Prior studies of the behavioral role of hypocretin in rodents had examined the neurotransmitter's function during only light phases (normal sleep time for mice) or dark phases (their normal wake time), but not both. And the studies only examined the rodents when they were performing a single task.

In the current study, researchers examined the behavioral capabilities of mice that had their hypocretin genetically "knocked-out" (KO mice) and compared them with the activities of normal, wild-type mice (WT) that still had their hypocretin neurons. The researchers tested the two groups while they performed a variety of tasks during both light and dark phases.

Surprisingly, they found that the KO mice were only deficient at working for positive rewards during the light phase. During the dark phase, however, these mice learned at the same rate as their WT littermates and were completely unimpaired in working for the same rewards.

Consistent with the data in the KO mice, the activity of hypocretin neurons in their WT littermates was maximized when working for positive rewards during the light phase, but the cells were not activated when performing the same tasks in the dark phase.

"The findings suggest that administering hypocretin and boosting the function of hypocretin cells will increase the light-induced arousal response," Siegel said. "Conversely, blocking their function by administering hypocretin receptor blockers will reduce this response and thereby induce sleep."

Further, Siegel noted, "The administration of hypocretin may also have antidepressant properties, and blocking it may increase tendencies toward depression. So we feel this work has implications for treating sleep disorders as well as depression."

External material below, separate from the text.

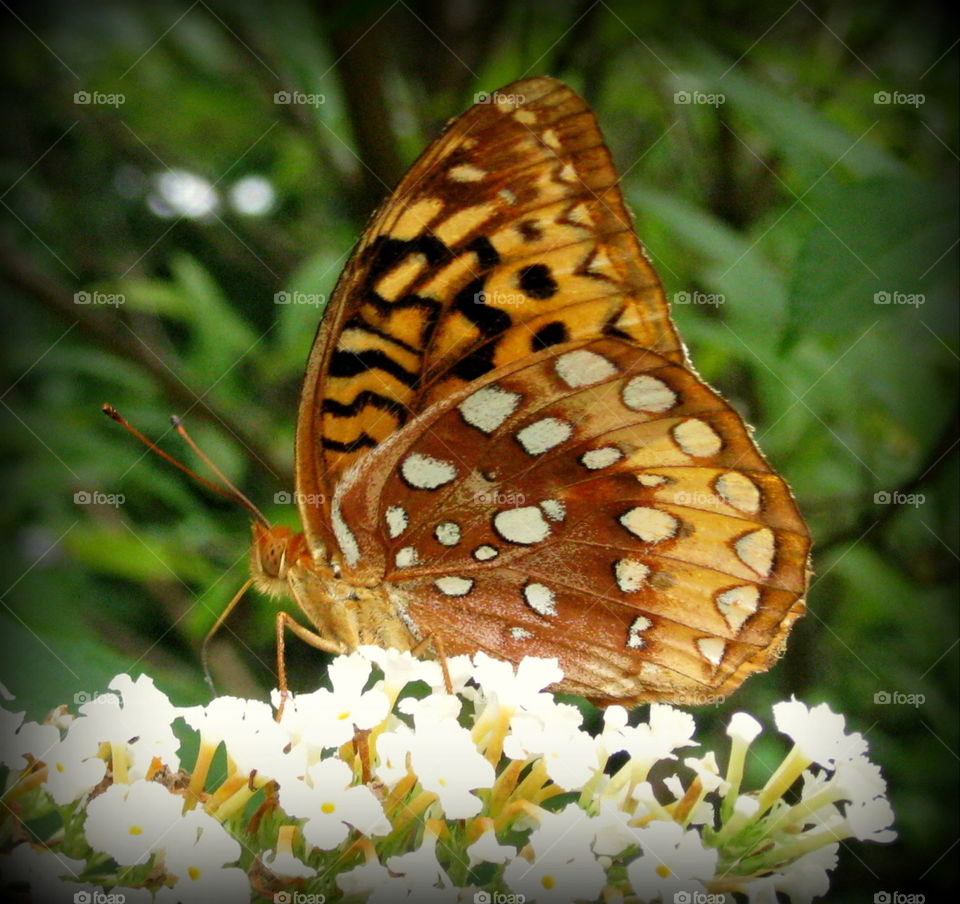 This is a Aphrodite Fritillary Butterfly sitting on some white flowers enjoying the nectar from them on a warm summer day.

Other authors on the study included Ronald McGregor (first author), Ming-Fung Wu, Grace Barber and Lalini Ramanathan, all of UCLA, the Veterans Affairs Greater Los Angeles Healthcare System and the UCLA Brain Research Institute.

The research was supported by the National Institutes of Health and the Medical Research Service of the Department of Veterans Affairs. The authors report no conflict of interest.